Epigenetic targets for melatonin: induction of histone H3 hyperacetylation and gene expression in C17.2 neural stem cells


Address reprint requests to Lennard P. Niles, Department of Psychiatry and Behavioral Neurosciences, McMaster University, HSC-4N77, 1200 Main Street West, Hamilton, Ontario L8N 3Z5, Canada.
E-mail: niles@mcmaster.ca


Abstract:  We have reported the induction of glial cell line-derived neurotrophic factor, a potent survival factor for dopaminergic neurons, in the C17.2 neural stem cell line following in vitro treatment with melatonin. Furthermore, we have detected the melatonin MT1 receptor in these cells. Given these findings and recent evidence that melatonin may play a role in cellular differentiation, we examined whether this indoleamine induces morphological and transcriptional changes suggestive of a neuronal phenotype in C17.2 cells. Moreover, in order to extend preliminary evidence of a potential role for melatonin in epigenetic modulation, its effects on the mRNA expression of several histone deacetylase (HDAC) isoforms and on histone acetylation were examined.
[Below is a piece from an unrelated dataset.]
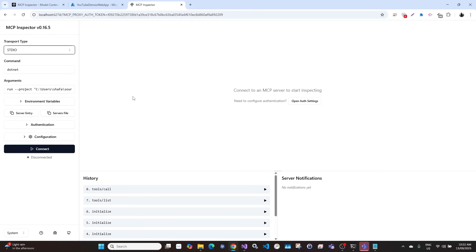Hello everyone. In the last few videos we have been creating different types of MCP servers. But in today's video we will test the MCP servers we have created in a real world scenario.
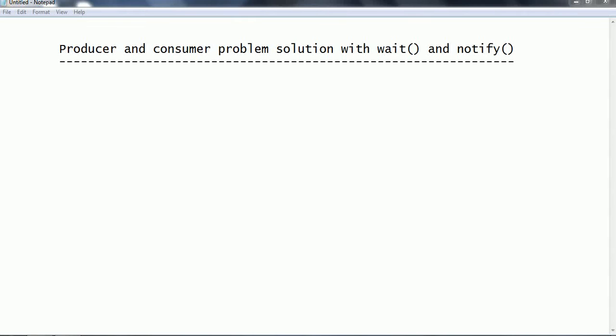Hi guys, this is Shivarati. Welcome to the session on Java multithreading. In this session, we are going to discuss the producer and consumer problem and how to solve it using the wait and notify method.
Physiological concentrations of melatonin (nanomolar range) increased neurite-like extensions and induced mRNA expression of the neural stem cell marker, nestin, the early neuronal marker β-III-tubulin and the orphan nuclear receptor nurr1 in C17.2 cells. The indoleamine also significantly increased mRNA expression for various HDAC isoforms, including HDAC3, HDAC5, and HDAC7. Importantly, treatment with melatonin for 24 hr caused a significant increase in histone H3 acetylation, which is associated with chromatin remodeling and gene transcription. Since the melatonin MT2 receptor was not detected in C17.2 cells, it is likely that the MT1 receptor is involved in mediating these physiological effects of melatonin. These findings suggest novel roles for melatonin in stem cell differentiation and epigenetic modulation of gene transcription.